| Work instructions |
Output only the lines below that start at the line containing "Vintage Rodeo Cowboy" and end at the line containing "TX license plate CYT8910", with both ends kept.

*** Begin section ***

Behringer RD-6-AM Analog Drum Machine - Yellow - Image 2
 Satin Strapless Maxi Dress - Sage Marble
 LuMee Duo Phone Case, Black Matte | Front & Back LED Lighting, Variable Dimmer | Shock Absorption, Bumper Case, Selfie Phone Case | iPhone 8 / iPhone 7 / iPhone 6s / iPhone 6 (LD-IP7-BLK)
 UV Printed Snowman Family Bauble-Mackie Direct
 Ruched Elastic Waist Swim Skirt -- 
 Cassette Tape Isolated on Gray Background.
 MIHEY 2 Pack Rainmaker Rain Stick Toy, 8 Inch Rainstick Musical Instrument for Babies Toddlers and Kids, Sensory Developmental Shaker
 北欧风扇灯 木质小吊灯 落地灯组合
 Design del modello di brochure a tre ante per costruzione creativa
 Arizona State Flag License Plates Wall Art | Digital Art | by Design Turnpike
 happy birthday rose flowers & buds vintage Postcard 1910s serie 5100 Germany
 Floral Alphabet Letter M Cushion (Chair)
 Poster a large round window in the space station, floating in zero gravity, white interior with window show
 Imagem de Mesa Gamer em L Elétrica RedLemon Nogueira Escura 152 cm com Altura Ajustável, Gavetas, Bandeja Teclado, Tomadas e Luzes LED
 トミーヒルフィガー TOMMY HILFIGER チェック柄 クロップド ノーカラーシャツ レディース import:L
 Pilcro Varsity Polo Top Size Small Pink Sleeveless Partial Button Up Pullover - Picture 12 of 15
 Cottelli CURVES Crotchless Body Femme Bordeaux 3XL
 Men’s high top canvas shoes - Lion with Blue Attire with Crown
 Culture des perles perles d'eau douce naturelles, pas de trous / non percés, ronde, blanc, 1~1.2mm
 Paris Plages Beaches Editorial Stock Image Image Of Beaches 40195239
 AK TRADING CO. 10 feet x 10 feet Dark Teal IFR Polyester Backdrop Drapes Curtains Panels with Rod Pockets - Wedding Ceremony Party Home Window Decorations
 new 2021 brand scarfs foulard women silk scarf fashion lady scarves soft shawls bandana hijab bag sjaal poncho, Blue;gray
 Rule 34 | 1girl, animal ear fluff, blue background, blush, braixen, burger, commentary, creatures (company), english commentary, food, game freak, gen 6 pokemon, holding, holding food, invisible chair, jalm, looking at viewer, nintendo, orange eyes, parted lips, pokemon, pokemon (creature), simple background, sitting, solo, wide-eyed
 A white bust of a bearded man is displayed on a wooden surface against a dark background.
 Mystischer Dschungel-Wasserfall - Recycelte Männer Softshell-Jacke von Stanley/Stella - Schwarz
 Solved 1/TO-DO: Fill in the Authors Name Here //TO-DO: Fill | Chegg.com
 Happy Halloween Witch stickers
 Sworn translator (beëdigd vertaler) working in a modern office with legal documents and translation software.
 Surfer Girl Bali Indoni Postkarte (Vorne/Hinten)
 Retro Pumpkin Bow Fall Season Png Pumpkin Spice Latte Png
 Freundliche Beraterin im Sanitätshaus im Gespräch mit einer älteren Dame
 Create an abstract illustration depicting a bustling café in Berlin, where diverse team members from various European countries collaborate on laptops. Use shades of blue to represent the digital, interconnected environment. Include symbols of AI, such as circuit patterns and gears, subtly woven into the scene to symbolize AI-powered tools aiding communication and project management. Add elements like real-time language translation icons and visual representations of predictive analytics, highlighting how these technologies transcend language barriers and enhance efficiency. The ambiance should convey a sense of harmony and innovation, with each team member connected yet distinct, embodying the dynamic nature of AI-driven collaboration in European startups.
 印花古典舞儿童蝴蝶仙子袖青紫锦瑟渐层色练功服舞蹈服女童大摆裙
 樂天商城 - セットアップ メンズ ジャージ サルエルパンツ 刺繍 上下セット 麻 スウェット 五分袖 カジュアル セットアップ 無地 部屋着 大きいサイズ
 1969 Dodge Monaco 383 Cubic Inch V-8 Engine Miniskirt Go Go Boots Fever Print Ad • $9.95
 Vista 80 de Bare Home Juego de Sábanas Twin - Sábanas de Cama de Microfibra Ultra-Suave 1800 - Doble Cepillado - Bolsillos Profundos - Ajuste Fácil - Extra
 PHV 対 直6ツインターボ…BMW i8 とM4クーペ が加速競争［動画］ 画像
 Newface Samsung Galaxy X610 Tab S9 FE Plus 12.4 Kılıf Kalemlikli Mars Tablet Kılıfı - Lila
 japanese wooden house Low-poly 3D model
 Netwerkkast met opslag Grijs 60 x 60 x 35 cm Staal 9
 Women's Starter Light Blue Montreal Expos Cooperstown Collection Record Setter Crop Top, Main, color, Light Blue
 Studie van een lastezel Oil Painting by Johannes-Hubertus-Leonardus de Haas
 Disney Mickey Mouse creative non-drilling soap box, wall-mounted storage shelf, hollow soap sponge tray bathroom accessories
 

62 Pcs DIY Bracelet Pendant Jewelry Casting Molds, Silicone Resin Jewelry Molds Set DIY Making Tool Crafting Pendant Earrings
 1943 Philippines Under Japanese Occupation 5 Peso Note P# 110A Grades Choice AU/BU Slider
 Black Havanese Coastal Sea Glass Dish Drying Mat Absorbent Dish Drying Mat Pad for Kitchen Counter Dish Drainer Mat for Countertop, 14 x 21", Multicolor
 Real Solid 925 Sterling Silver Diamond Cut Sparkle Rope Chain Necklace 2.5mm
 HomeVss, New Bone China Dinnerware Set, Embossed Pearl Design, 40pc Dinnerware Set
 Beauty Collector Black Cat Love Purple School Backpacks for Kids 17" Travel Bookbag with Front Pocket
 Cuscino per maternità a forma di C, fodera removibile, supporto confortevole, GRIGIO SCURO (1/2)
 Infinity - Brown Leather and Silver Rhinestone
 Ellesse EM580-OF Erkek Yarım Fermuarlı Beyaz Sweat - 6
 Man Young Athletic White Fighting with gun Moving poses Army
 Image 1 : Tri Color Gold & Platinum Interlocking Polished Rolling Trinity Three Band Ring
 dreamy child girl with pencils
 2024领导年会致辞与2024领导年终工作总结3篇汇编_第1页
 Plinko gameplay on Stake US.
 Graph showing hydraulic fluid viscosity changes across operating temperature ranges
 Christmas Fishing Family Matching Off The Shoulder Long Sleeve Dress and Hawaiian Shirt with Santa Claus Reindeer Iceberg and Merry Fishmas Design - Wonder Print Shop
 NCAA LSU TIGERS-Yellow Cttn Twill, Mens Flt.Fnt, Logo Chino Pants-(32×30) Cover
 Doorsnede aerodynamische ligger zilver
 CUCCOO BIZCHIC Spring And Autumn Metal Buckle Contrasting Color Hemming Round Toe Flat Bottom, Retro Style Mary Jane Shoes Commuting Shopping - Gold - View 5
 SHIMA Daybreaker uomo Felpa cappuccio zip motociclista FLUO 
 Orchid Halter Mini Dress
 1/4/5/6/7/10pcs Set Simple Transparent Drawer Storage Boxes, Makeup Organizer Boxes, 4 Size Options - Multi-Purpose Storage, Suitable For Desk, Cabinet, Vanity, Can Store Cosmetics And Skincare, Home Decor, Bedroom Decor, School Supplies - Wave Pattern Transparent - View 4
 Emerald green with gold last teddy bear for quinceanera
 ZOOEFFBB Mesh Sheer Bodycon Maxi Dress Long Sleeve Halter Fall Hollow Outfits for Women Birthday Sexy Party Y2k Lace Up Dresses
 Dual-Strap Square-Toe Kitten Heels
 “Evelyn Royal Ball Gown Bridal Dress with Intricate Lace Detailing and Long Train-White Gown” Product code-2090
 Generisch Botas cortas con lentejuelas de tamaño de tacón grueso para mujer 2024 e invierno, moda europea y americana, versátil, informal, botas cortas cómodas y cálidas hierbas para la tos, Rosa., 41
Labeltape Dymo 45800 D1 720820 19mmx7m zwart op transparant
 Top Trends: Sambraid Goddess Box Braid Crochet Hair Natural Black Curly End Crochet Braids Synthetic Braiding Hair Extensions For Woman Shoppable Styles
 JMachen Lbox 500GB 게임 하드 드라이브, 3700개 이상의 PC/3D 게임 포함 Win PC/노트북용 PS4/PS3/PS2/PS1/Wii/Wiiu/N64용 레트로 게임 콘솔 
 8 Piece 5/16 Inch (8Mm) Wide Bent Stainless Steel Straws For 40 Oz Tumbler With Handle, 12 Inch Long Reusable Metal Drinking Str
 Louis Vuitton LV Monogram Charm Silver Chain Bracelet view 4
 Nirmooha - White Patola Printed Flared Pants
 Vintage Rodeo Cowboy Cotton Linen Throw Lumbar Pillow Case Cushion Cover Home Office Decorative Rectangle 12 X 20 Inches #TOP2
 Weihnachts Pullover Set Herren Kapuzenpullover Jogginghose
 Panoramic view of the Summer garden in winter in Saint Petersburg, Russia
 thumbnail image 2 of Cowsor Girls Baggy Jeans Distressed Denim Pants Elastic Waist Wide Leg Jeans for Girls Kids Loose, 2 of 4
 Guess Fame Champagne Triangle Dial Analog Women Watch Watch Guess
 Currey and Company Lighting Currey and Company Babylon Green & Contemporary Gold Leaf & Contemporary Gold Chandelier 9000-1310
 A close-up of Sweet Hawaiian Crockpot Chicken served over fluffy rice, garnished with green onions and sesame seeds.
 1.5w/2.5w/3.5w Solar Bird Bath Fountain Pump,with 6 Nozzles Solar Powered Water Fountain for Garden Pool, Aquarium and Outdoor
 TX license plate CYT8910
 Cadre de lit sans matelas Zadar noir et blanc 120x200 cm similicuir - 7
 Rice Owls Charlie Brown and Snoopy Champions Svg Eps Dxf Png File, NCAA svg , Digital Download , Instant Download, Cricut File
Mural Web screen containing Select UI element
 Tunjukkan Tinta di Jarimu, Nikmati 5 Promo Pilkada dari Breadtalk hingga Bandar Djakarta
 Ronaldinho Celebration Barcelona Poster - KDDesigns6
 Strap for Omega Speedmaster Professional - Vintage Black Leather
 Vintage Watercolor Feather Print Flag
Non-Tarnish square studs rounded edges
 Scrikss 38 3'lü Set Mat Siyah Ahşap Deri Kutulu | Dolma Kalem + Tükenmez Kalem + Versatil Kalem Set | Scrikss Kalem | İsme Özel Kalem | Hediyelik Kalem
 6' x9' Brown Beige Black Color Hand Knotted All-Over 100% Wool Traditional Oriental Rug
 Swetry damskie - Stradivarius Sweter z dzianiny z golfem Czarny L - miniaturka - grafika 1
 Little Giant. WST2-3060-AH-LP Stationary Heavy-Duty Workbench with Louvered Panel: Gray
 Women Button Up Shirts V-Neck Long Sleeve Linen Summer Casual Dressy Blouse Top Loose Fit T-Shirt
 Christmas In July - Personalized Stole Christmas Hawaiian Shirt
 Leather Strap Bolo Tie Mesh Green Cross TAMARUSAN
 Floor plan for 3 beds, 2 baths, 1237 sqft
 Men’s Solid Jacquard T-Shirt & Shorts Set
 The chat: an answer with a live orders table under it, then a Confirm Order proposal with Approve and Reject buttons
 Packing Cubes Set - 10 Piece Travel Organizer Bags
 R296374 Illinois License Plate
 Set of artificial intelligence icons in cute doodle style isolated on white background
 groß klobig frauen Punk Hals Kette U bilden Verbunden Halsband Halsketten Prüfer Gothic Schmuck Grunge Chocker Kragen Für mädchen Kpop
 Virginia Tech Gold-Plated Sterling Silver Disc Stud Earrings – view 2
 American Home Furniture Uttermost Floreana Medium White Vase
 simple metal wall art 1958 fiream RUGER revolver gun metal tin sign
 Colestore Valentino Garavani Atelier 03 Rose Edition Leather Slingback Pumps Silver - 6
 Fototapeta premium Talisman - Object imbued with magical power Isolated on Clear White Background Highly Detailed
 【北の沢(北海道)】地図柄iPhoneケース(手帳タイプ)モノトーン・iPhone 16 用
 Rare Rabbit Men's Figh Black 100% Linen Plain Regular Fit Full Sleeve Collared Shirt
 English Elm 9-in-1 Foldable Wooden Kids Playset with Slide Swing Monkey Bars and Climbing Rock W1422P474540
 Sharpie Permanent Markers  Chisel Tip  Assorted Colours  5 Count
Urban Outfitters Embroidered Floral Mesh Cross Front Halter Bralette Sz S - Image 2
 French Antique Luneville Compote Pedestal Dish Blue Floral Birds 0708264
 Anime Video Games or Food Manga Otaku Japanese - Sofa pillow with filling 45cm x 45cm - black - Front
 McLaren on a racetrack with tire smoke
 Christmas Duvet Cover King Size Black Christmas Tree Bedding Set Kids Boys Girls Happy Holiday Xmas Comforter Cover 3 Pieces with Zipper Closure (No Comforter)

*** End section ***

| Reply to the task |
 Vintage Rodeo Cowboy Cotton Linen Throw Lumbar Pillow Case Cushion Cover Home Office Decorative Rectangle 12 X 20 Inches #TOP2
 Weihnachts Pullover Set Herren Kapuzenpullover Jogginghose
 Panoramic view of the Summer garden in winter in Saint Petersburg, Russia
 thumbnail image 2 of Cowsor Girls Baggy Jeans Distressed Denim Pants Elastic Waist Wide Leg Jeans for Girls Kids Loose, 2 of 4
 Guess Fame Champagne Triangle Dial Analog Women Watch Watch Guess
 Currey and Company Lighting Currey and Company Babylon Green & Contemporary Gold Leaf & Contemporary Gold Chandelier 9000-1310
 A close-up of Sweet Hawaiian Crockpot Chicken served over fluffy rice, garnished with green onions and sesame seeds.
 1.5w/2.5w/3.5w Solar Bird Bath Fountain Pump,with 6 Nozzles Solar Powered Water Fountain for Garden Pool, Aquarium and Outdoor
 TX license plate CYT8910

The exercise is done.